He doesn’t look up from the Metro section. “It’s absurd, Rachel,” he says into the paper. “That woman is evil. Plus, I can’t understand why you’d want to fill your brain with that kind of…” He shakes his head as he snaps a page into place, the newsprint crackling with his impatience. “Absurd. An exceedingly unwise decision on Gardiner’s part. And yours, too, Rach.”

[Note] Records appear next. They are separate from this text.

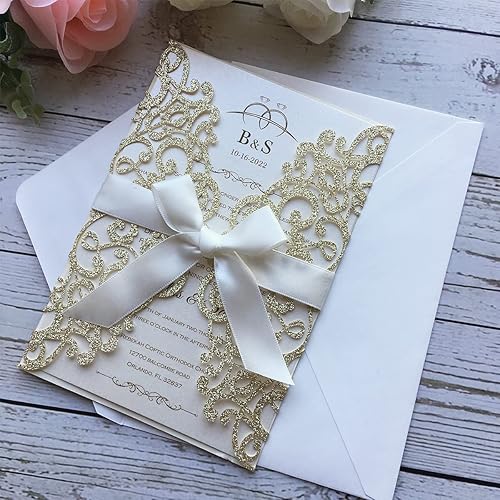 Miniatura 7 de 5.12 x 7.28 pulgadas, 50 piezas personalizadas de champán con purpurina, kit de invitaciones de boda cortadas con láser, tarjetas de invitación de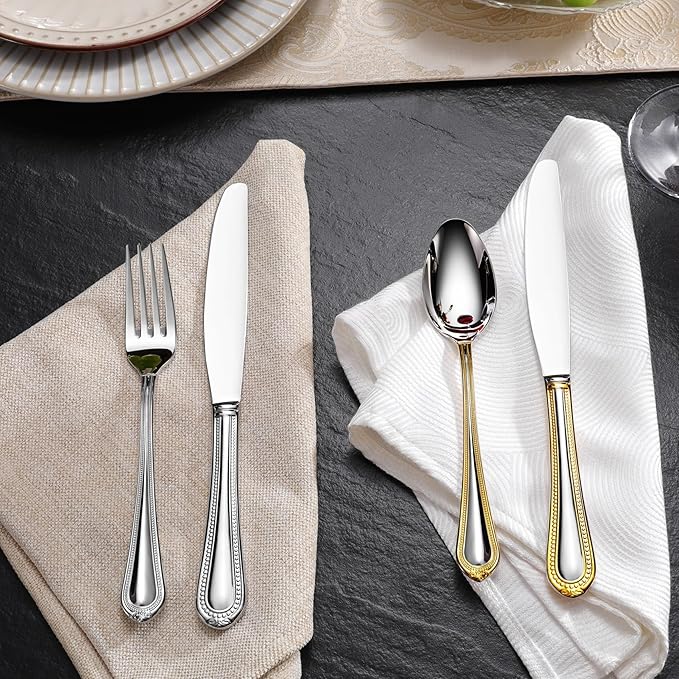KEAWELL Pearl Edge Premium Serving Spoon Set, 18/10 Stainless Steel, 9" Fine Hostess Utensils with Refined Bead Design, Brightly Polished, Dishwasher Safe (2 Serving Spoons)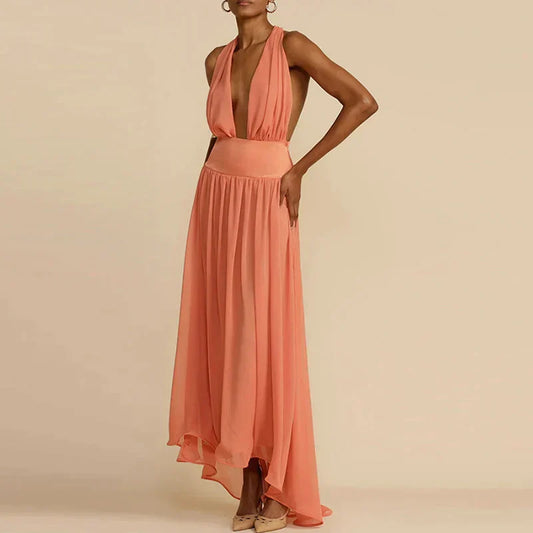Mc | Maxi deep V-neck dress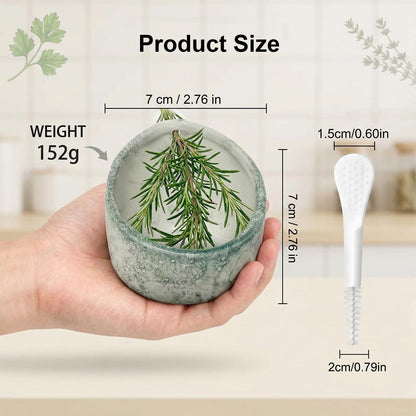 DADERXY Pottery Herb Stripper Bowl Ceramic Set for Kale, Thyme, Basil, Rosemary Stripper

I take a sip of dark roast to defuse my annoyance and to clear the looming emotional thunderstorm. I know his problem isn’t my summer internship in the Middlesex County District Attorney’s Office. Jack’s impatience with me is fueled by the headlines he’s reading, news stories that feature his name. Jack hates to lose. Especially in court. And especially to Assistant District Attorney Martha Gardiner. My new boss.

Martha Gardiner. The woman Jack usually refers to as “Satan in pearls.” He never laughs when he says it.

“Honey?” I soften my voice, knowing there are many ways to win. Law school is teaching me that. “It’s only for three months. I’m required to do it. All the 2L students are, or we can’t be 3Ls. And then we can’t graduate. And there goes all that law-school tuition you’ve loaned me. Plus, we’ve planned the whole thing. We’re gonna be partners. You’ll get me on the murder list. And we’re a team. Your very own word. Remember?”

“Team? Certainly doesn’t feel like it. I thought you chose a side.” He lowers the paper, one inch, looks at me with narrowed eyes. “And not that side. Not hers.”

“But—” How do I handle this? He pays the bills, at this point at least. As a student—at thirty-six, the world’s oldest law student—I have zero income. You’re my investment, he told me. I took it as a compliment. “But—”

“There are no ‘buts.’ Gardiner’s a predator. She maligns the law. Twists it. Corrupts it. Her every instinct is to destroy and defeat.” The newspaper barrier goes back up.

I can’t escalate this, so I’ll ignore the fact that prosecutors are supposed to be the champions of law and order. Jack’s oversensitive because Gardiner’s the one prosecutor who can beat him. My dear husband is not the most reliable narrator, though, and he’s probably exaggerating when he spins me stories about her disturbingly unfair and manipulative tactics. But Martha Leggett Gardiner is a touchy subject.

Jack’s frown, hidden by newsprint again, chilled me. I’ve seen that same expression in the courtroom, and it’s never a good sign for the witness he’s about to interrogate. But I’m not his witness. I’m his wife.

“I know you’re upset.” I decide on instant capitulation and a subject pivot. “But even you have to lose a case once in a while. Especially since your client, you know, did it.”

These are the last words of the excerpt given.